A human head appeared on the other side of the grate. He was backlit by the sun, his indistinct face framed with tufts of longish black hair. He took a sharp breath, and his scent rolled toward me.
I clung to the wall, suddenly dizzy. That scent felt like a missing part of me, returned to make me whole. The final piece of a jigsaw puzzle.
“Sarah.” His deep voice echoed in my bones, making my traitorous pussy quiver.
It was the voice from the phone call, the man who called me at Stacey’s number and asked for Sarah. He was going to take me back to Canada.

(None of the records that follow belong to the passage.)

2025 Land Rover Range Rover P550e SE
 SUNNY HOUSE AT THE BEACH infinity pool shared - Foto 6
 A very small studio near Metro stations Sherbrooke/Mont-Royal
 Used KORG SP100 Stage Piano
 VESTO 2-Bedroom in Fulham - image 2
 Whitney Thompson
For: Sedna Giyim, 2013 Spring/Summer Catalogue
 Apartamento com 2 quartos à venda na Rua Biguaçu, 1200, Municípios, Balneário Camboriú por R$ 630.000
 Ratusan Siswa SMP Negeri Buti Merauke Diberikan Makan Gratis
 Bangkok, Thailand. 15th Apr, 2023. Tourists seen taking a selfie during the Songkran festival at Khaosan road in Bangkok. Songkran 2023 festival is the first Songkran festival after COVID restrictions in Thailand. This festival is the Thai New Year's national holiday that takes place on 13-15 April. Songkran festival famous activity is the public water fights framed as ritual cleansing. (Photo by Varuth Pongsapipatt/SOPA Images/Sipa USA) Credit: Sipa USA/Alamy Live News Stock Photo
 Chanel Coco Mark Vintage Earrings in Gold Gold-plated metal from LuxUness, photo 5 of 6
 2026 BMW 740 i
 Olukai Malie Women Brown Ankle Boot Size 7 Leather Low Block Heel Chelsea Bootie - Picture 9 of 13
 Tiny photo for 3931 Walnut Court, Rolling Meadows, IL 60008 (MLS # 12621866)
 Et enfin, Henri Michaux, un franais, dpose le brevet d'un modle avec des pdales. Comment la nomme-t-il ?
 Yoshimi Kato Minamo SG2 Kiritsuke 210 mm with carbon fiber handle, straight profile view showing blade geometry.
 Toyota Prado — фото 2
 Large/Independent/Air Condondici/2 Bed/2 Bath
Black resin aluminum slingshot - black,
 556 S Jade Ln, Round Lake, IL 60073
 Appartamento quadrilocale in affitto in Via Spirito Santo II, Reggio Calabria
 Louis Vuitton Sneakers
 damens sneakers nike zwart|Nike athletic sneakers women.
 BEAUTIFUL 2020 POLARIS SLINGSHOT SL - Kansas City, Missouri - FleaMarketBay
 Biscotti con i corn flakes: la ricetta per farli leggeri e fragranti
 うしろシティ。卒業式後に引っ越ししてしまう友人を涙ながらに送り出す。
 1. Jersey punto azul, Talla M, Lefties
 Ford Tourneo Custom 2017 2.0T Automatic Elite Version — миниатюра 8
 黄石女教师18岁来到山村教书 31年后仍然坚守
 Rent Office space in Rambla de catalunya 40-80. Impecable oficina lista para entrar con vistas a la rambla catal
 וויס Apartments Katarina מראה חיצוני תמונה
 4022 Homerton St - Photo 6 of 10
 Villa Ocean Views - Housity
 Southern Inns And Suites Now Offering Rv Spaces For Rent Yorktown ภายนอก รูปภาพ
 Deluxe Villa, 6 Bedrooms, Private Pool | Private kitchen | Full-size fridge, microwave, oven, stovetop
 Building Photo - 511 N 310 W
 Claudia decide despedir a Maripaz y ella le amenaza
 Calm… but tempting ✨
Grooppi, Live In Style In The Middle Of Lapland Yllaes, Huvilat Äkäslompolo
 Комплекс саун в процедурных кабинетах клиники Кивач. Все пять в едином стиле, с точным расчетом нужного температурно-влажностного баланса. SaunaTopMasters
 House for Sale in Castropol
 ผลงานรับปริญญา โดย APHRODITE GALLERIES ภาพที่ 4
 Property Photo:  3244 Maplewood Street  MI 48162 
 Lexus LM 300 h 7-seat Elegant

My bear’s calm evaporated. Oblivious of anything but him, she yammered Mate, mate, mate at me.
I ignored her as best I could. This person wasn’t going to want to leave me in the hole, not after tracking me all that distance. I wouldn’t go back with him, but I would accept his help.
“Get me out of here,” I said.
And after I was free I would escape again.
She was beautiful.
My bear growled at me.
He was right. Instead of gawking at her I should be opening the grate and pulling her out of the hole, but my eyes couldn’t get their fill of my mate.
Her long brown hair flowed around the plump curves of her bare shoulders. Her ripe breasts were tipped with huge pink nipples. The downy fur beneath her pillowy belly had the same golden highlights as her hair. An intense desire came over me to bury my face between her thighs and taste the sweet honey whose fragrance wafted up to my nose.
My cock felt hard enough to smash through the iron grate before plunging into her dripping wet cunt. At the thought I gave an involuntary thrust.
“Get me out of here,” she whispered.
Shit. It was a good thing she could only see my head and shoulders. I finally thought to ask, “Are you okay?”
“Please,” she said. Her eyes burned into me.
Clumsy with embarrassment at my inappropriate behavior, I grabbed my pants out of the carry bag and hurriedly dragged them on. All the while her voice echoed in my head, stroking gently down my spine.
She was still naked when I bent over the grate again. The twigs in her hair didn’t make her any less lovely. Looking at her from the corner of my eye to avoid getting sucked back into lust, I noticed she had a carry bag too and wondered why she hadn’t put on any clothes. Although I wanted to think she was overcome with desire for me, my best guess was that she planned to shift and run as soon as she got out of there. It would be my job to make sure that didn’t happen.
“I’m looking for the latch,” I told her, and suited action to words.
I found a lever covered with layers of dirt and leaves, and pulled it into the upright position. That released the pins that held the grate closed. Swinging the grate up on its hinges, I propped it against a ragged bush—probably the way it had been before she fell in the hole. There had to be—yes, there it was, at the bottom of the hole now. A camouflage net hooked to the grate. Step on the net and fall into the hole, pulling the grate after you.
Opening the grate didn’t solve the entire problem. She was still stuck in a ten-foot hole.
“Throw me the net,” I commanded.
Her eyes flashed at that, but she obeyed in silence. My mouth went dry when she bent to retrieve it, her heavy breasts swinging forward and her ass in the air. I was going to go crazy if I didn’t fuck her.
Her first toss sent the net right in my arms. Of course, she was a shifter.
“Grab your bag,” I said. “Hold onto the net and I’ll pull you up.”
Holding tight to one corner of the net, I let the rest fall over the side. It was just long enough to dangle within the reach of her outstretched hands. I braced myself against the lip of the hole. “Ready.”
The net tightened in my hands. Her weight trembled at the other end. Slowly I raised her, lifting the net hand over hand and not pausing until her shoulders cleared the hole. Freeing one hand, I reached for her arm and pulled her onto solid ground.
At the touch of my bare flesh against hers, a connection flared between us. Without thought I pulled her into my arms and kissed her.